§ WHAT TO PRODUCE:
All pictures are to be dropped, and everything else in the data duplicated exactly.

§ DATA EXTRACT:
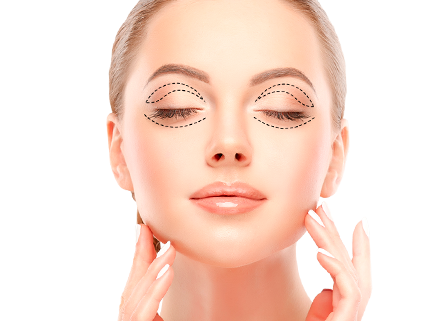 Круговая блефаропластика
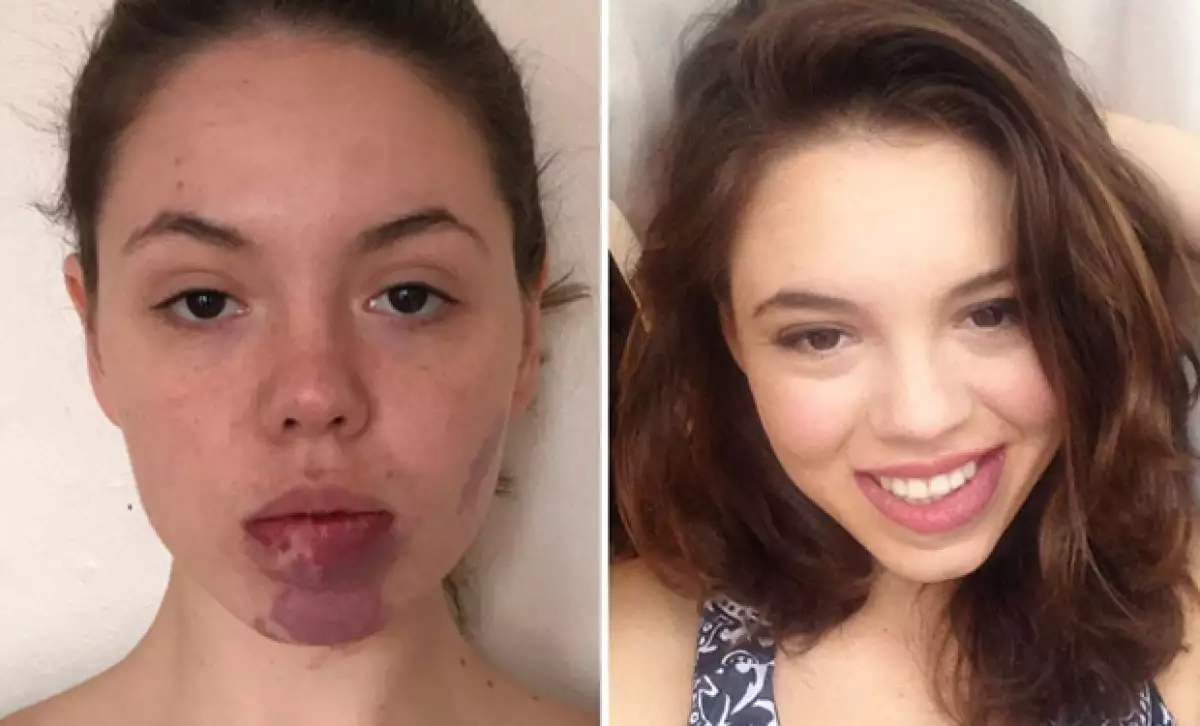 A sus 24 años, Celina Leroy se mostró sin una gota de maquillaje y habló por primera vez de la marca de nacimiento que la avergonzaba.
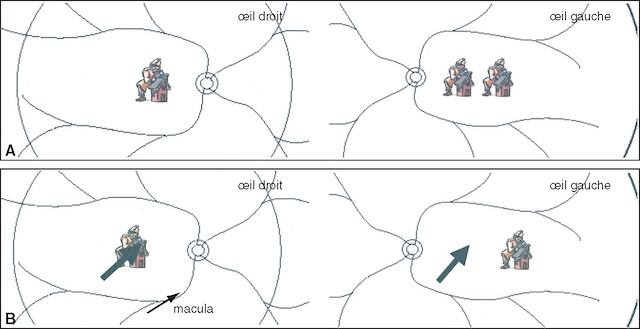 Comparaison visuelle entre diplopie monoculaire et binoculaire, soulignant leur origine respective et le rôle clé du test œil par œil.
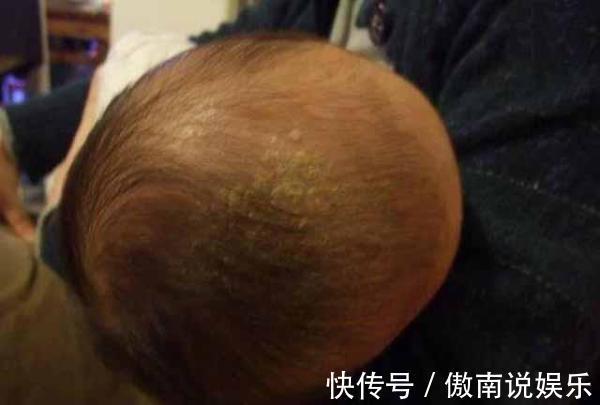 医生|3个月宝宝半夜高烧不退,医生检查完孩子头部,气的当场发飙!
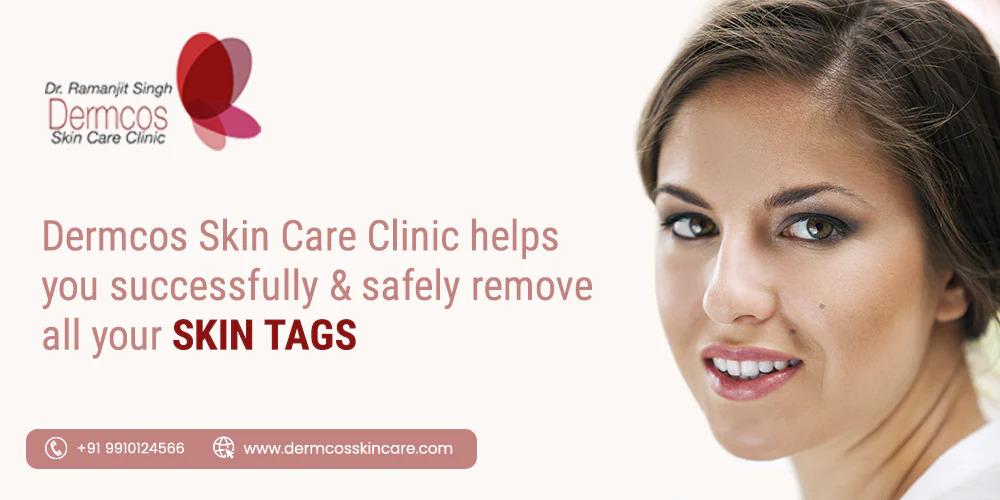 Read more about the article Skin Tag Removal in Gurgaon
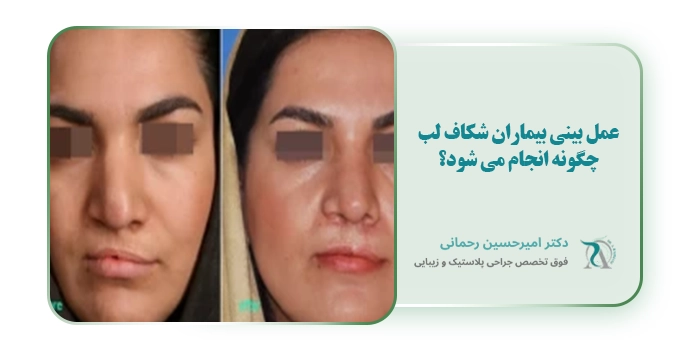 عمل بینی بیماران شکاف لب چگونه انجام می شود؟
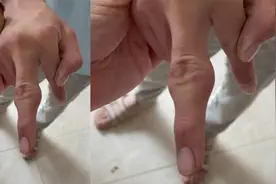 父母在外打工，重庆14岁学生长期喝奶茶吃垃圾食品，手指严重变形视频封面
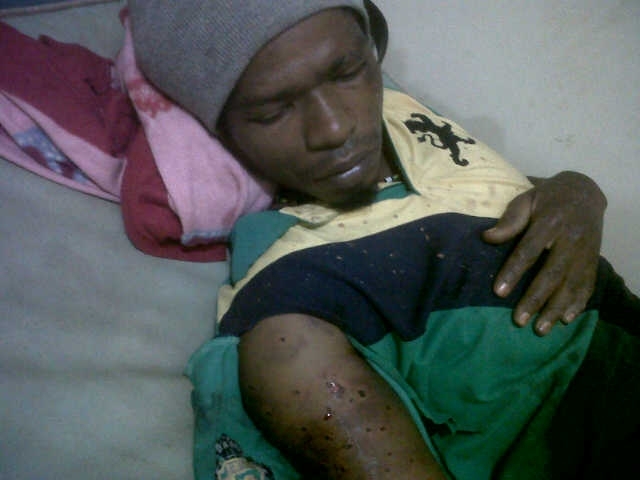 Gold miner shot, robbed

§ RESPONSE:
 Круговая блефаропластика
 A sus 24 años, Celina Leroy se mostró sin una gota de maquillaje y habló por primera vez de la marca de nacimiento que la avergonzaba.
 Comparaison visuelle entre diplopie monoculaire et binoculaire, soulignant leur origine respective et le rôle clé du test œil par œil.
 医生|3个月宝宝半夜高烧不退,医生检查完孩子头部,气的当场发飙!
 Read more about the article Skin Tag Removal in Gurgaon
 عمل بینی بیماران شکاف لب چگونه انجام می شود؟
 父母在外打工，重庆14岁学生长期喝奶茶吃垃圾食品，手指严重变形视频封面
 Gold miner shot, robbed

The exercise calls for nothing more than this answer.